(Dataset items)
*** Begin section ***

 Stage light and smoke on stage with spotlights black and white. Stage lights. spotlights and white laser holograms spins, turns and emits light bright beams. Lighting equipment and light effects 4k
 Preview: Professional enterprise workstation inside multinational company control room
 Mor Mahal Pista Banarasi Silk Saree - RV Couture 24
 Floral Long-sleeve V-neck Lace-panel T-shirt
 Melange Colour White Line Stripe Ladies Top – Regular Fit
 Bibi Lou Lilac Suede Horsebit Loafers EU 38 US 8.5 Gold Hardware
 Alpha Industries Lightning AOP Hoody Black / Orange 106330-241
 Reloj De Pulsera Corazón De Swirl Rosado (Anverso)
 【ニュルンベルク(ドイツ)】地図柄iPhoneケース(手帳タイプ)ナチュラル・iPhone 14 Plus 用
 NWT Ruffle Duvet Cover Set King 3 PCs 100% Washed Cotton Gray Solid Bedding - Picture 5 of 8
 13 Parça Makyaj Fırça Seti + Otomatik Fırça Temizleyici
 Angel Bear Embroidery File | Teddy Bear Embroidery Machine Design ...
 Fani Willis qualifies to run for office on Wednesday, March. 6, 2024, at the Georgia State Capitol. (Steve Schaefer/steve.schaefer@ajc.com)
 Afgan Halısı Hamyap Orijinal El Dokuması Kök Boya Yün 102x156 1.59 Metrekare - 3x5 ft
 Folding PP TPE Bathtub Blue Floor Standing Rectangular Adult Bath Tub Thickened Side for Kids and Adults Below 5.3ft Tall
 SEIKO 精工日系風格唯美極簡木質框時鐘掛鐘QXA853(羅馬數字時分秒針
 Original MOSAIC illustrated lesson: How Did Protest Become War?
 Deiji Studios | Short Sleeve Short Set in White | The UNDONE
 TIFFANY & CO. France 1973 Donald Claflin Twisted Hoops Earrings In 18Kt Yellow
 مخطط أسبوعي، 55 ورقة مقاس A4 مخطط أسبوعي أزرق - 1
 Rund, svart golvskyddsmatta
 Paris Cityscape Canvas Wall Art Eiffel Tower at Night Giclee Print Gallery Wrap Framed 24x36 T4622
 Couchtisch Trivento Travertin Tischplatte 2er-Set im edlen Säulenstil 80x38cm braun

*** End section ***

• [Problem details]: Once you find the line with "Reloj De Pulsera" in the entries above, output it and each line after it up to and including the line with "Rund, svart golvskyddsmatta", and nothing else.

• [Written answer]:
 Reloj De Pulsera Corazón De Swirl Rosado (Anverso)
 【ニュルンベルク(ドイツ)】地図柄iPhoneケース(手帳タイプ)ナチュラル・iPhone 14 Plus 用
 NWT Ruffle Duvet Cover Set King 3 PCs 100% Washed Cotton Gray Solid Bedding - Picture 5 of 8
 13 Parça Makyaj Fırça Seti + Otomatik Fırça Temizleyici
 Angel Bear Embroidery File | Teddy Bear Embroidery Machine Design ...
 Fani Willis qualifies to run for office on Wednesday, March. 6, 2024, at the Georgia State Capitol. (Steve Schaefer/steve.schaefer@ajc.com)
 Afgan Halısı Hamyap Orijinal El Dokuması Kök Boya Yün 102x156 1.59 Metrekare - 3x5 ft
 Folding PP TPE Bathtub Blue Floor Standing Rectangular Adult Bath Tub Thickened Side for Kids and Adults Below 5.3ft Tall
 SEIKO 精工日系風格唯美極簡木質框時鐘掛鐘QXA853(羅馬數字時分秒針
 Original MOSAIC illustrated lesson: How Did Protest Become War?
 Deiji Studios | Short Sleeve Short Set in White | The UNDONE
 TIFFANY & CO. France 1973 Donald Claflin Twisted Hoops Earrings In 18Kt Yellow
 مخطط أسبوعي، 55 ورقة مقاس A4 مخطط أسبوعي أزرق - 1
 Rund, svart golvskyddsmatta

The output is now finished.